The improvement in our method can be attributed to two main factors:
- Our method managed to successfully extract substructures from 82.2% of all products on the USPTO full test dataset, demonstrating the general applicability of this approach.
- We only needed to generate fragments connected to virtually labeled atoms in the substructures, which shortened the string representations of molecules and significantly lowered the number of atoms to be predicted.
A key aspect of our method for one-step retrosynthesis is the extraction of product-specific substructures. By doing so, we can better capture subtle structural changes from reactants to products that are unique to each reaction. Take phthalimide, a common heterocyclic substructure, as an example. We analyzed four exemplary reactions where the reactants contain phthalimide (see Figure 3). The extracted substructures vary among different reaction types, demonstrating the product-specific nature of the substructures.

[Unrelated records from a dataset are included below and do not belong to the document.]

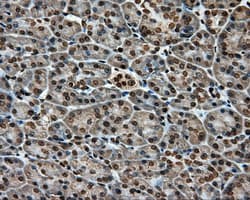APP / Beta Amyloid Precursor Antibody (clone OTI2B10)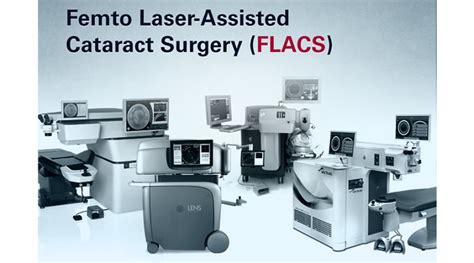 Cataract Xpress Cataractnews Femtosecond Laser Assisted Cataract Surgery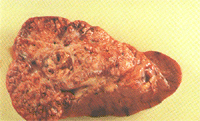 BÖBREK KANSERİ
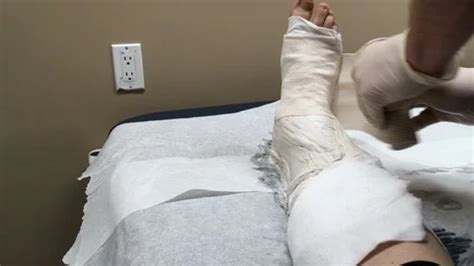 Broken ankle cast by doctor plaster band... | Stock Video | Pond5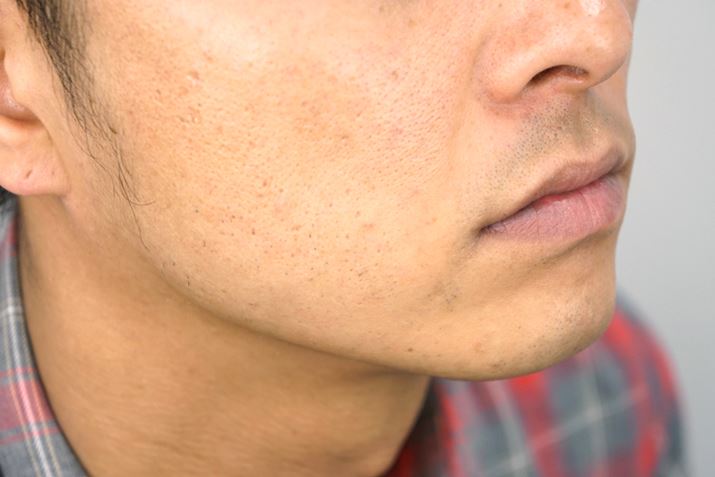 ̒[ɒcmFł邪Aڗقǂ̂̂łȂ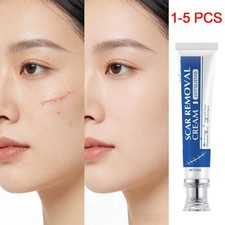 Scar Removal Cream for Stretch Marks, Surgical, Burns Injuries Scars Removal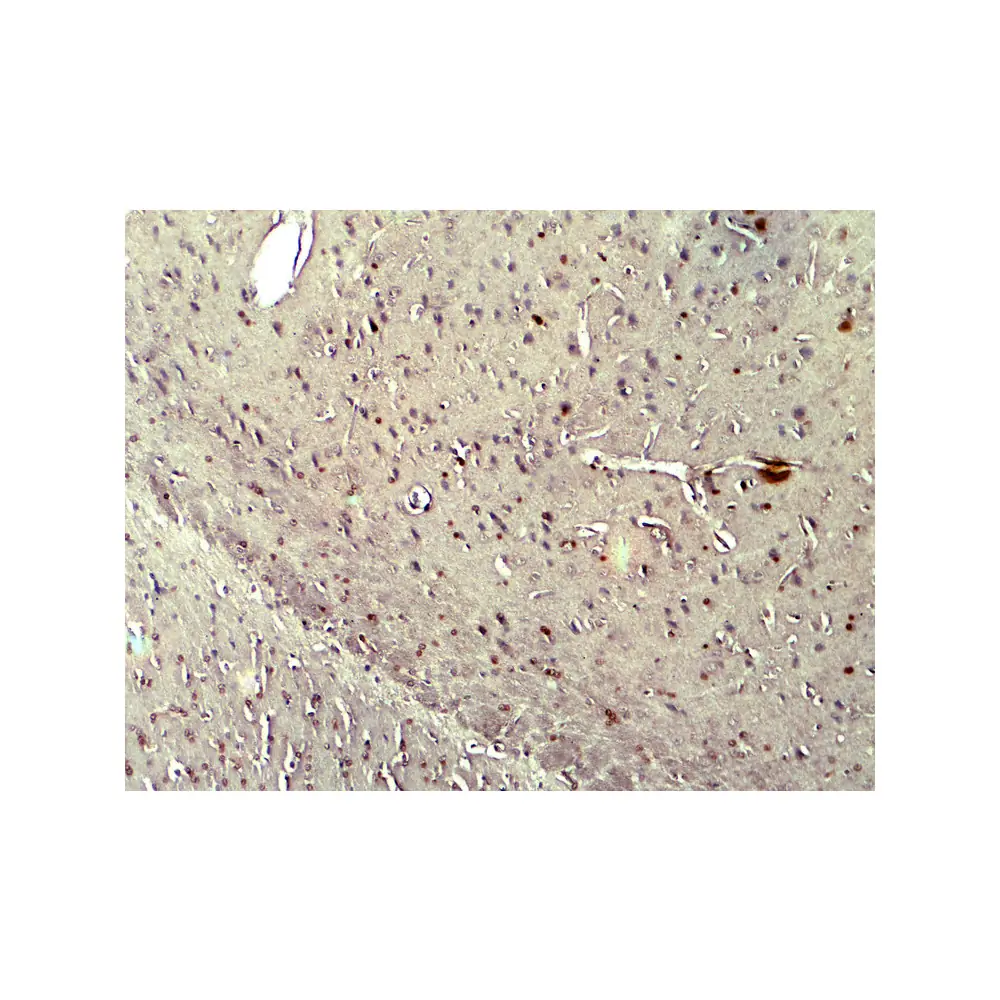 ProSci 7923_S NOX2 Antibody, ProSci, 0.02 mg/Unit Secondary Image
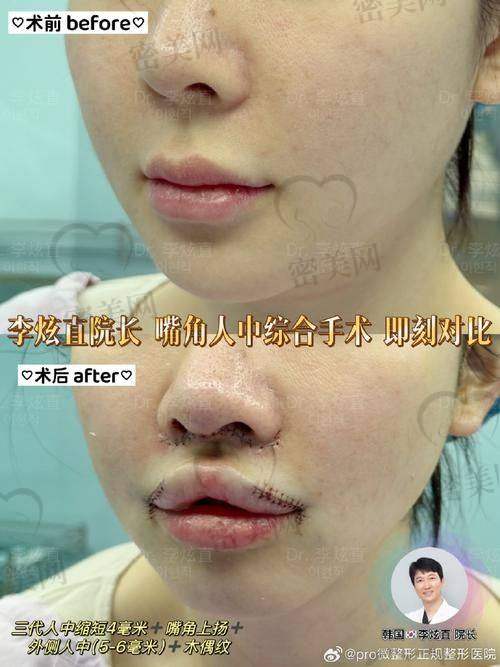 适合人群及术前评估标准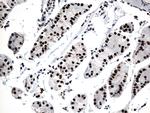 GTF3C4 Antibody in Immunohistochemistry (Paraffin) (IHC (P))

In reaction (a) and reaction (b), phthalimide is not considered part of the substructure because it incorporates the reaction. However, in reaction (c) and reaction (d), the substructures are different, yet they both contain phthalimide. These results show that substructures are indeed product-specific, which aligns with our expectations.
Incorporating human insights into decision-making
In addition, leveraging commonly preserved substructures offers another benefit: providing users with valuable insights for decision-making in retrosynthesis planning. When compared to existing methods, our approach can help human experts assess potential pathways and eliminate infeasible reactions using their chemistry knowledge.
For each input product molecule, we extract multiple substructures from retrieved reactions, (see details in our paper) and for some cases, not all substructures are correct. As such, we can group predictions by substructures. As shown in Figure 4, the predicted groups of reactants and reactions offer valuable information to experts. For instance, they can refine predictions by comparing reactions associated with retrieved candidates, making our predictions more explainable and trustworthy compared to existing “black-box” models.
We hope that our work will spark interest in this fast-growing and highly interdisciplinary area of retrosynthesis prediction and other related topics. By pushing the boundaries of what’s possible in chemistry and machine learning, we can continue to make strides in understanding complex chemical reactions and designing more efficient retrosynthetic strategies.